### SOURCE MATERIAL
■ ■ ■ ■
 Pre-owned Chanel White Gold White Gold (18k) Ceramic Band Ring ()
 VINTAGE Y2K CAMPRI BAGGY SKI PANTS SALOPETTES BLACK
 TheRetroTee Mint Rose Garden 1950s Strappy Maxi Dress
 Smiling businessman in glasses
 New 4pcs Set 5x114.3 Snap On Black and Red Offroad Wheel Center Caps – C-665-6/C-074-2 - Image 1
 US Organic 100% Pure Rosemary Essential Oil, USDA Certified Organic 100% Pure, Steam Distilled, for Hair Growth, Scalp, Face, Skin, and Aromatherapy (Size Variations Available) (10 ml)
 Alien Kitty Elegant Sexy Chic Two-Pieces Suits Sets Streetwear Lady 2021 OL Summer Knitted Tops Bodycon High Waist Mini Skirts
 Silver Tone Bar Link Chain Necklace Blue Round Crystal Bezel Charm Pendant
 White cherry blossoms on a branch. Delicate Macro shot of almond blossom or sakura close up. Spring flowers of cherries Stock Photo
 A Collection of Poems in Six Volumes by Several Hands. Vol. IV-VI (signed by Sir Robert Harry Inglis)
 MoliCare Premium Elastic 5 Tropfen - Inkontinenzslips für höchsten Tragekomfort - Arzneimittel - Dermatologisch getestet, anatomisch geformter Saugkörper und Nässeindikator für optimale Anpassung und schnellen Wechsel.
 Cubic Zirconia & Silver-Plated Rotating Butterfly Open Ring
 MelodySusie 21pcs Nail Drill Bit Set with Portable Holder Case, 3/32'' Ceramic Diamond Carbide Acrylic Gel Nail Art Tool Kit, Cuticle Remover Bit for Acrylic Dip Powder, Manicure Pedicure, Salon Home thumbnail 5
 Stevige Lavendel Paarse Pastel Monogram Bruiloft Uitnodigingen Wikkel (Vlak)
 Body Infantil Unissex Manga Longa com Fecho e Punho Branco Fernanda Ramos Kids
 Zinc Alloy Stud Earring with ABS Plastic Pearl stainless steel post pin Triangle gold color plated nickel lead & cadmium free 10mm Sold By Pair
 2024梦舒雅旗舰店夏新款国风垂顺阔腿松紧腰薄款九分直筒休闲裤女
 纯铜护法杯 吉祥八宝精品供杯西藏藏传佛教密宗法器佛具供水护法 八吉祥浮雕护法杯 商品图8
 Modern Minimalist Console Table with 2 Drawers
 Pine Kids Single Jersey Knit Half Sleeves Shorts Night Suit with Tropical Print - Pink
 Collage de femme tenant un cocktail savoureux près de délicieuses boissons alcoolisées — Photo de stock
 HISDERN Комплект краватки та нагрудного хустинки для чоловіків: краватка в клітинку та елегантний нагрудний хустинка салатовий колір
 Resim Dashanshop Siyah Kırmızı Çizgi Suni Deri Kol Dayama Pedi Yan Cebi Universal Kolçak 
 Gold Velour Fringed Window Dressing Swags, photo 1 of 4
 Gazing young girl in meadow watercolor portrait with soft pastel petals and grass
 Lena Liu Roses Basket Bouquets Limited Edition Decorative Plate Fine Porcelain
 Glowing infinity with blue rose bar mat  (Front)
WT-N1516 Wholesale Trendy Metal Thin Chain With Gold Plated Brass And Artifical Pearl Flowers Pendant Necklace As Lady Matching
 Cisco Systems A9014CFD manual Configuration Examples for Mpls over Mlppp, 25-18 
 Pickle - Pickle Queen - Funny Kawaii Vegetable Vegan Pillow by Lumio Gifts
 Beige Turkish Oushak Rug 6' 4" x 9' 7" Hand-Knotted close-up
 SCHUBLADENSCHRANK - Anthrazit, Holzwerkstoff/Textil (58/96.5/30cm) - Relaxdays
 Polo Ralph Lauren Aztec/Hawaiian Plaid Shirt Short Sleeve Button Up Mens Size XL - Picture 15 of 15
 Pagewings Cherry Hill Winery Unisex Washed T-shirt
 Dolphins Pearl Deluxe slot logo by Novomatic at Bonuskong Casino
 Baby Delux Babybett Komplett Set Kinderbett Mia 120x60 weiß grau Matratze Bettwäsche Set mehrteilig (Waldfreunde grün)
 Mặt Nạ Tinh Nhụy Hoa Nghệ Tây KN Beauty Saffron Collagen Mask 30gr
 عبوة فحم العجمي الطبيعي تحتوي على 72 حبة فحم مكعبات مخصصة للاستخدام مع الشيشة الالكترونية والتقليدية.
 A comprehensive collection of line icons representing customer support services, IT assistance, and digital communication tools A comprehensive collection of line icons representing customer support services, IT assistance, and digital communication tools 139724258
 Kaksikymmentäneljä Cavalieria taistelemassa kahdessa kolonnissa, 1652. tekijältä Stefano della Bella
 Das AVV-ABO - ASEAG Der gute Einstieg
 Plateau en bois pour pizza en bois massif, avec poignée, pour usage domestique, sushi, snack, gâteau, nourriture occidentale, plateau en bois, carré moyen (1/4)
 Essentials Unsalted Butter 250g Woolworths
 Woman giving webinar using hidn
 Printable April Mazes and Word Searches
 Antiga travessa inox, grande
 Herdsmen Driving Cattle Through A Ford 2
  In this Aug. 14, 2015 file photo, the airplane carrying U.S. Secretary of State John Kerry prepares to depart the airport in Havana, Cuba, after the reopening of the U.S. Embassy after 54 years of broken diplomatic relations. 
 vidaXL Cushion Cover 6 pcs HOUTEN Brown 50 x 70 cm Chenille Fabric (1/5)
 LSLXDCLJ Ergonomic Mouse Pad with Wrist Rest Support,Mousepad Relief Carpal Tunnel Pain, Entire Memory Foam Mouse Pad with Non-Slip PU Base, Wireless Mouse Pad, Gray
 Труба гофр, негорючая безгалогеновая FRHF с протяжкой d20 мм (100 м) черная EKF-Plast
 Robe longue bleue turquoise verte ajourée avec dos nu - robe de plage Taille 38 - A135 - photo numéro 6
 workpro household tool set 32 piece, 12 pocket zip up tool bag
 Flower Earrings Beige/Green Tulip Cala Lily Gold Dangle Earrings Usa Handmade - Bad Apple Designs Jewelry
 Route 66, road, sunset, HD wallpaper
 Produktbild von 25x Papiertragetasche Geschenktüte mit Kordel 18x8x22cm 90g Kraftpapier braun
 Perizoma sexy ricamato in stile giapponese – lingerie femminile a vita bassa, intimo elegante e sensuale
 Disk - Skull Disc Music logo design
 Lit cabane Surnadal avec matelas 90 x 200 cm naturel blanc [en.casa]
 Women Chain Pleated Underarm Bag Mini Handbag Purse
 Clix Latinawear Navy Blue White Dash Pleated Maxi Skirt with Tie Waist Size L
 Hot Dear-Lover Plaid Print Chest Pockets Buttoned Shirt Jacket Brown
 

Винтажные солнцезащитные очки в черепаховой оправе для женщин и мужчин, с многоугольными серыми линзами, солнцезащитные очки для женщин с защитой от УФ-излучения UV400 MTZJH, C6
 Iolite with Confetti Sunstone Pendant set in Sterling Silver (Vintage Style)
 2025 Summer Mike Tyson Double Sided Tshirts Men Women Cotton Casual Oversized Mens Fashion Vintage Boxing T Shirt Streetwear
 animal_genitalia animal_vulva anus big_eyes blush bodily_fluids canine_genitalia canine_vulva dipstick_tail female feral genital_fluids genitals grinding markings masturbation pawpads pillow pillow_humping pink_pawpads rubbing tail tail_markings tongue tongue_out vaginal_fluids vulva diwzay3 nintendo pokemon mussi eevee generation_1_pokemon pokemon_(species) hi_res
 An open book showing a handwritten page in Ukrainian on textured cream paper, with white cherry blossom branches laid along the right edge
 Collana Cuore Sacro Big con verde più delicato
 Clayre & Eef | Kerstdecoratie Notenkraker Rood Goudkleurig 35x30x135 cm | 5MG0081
■ ■ ■ ■
### WORK REQUEST
From the listing above, repeat exactly the lines starting at the line that includes "Glowing infinity with" and ending at the line that includes "Das AVV-ABO - ASEAG Der gute Einstieg", with nothing outside that span.

### WRITTEN RESPONSE
 Glowing infinity with blue rose bar mat  (Front)
WT-N1516 Wholesale Trendy Metal Thin Chain With Gold Plated Brass And Artifical Pearl Flowers Pendant Necklace As Lady Matching
 Cisco Systems A9014CFD manual Configuration Examples for Mpls over Mlppp, 25-18 
 Pickle - Pickle Queen - Funny Kawaii Vegetable Vegan Pillow by Lumio Gifts
 Beige Turkish Oushak Rug 6' 4" x 9' 7" Hand-Knotted close-up
 SCHUBLADENSCHRANK - Anthrazit, Holzwerkstoff/Textil (58/96.5/30cm) - Relaxdays
 Polo Ralph Lauren Aztec/Hawaiian Plaid Shirt Short Sleeve Button Up Mens Size XL - Picture 15 of 15
 Pagewings Cherry Hill Winery Unisex Washed T-shirt
 Dolphins Pearl Deluxe slot logo by Novomatic at Bonuskong Casino
 Baby Delux Babybett Komplett Set Kinderbett Mia 120x60 weiß grau Matratze Bettwäsche Set mehrteilig (Waldfreunde grün)
 Mặt Nạ Tinh Nhụy Hoa Nghệ Tây KN Beauty Saffron Collagen Mask 30gr
 عبوة فحم العجمي الطبيعي تحتوي على 72 حبة فحم مكعبات مخصصة للاستخدام مع الشيشة الالكترونية والتقليدية.
 A comprehensive collection of line icons representing customer support services, IT assistance, and digital communication tools A comprehensive collection of line icons representing customer support services, IT assistance, and digital communication tools 139724258
 Kaksikymmentäneljä Cavalieria taistelemassa kahdessa kolonnissa, 1652. tekijältä Stefano della Bella
 Das AVV-ABO - ASEAG Der gute Einstieg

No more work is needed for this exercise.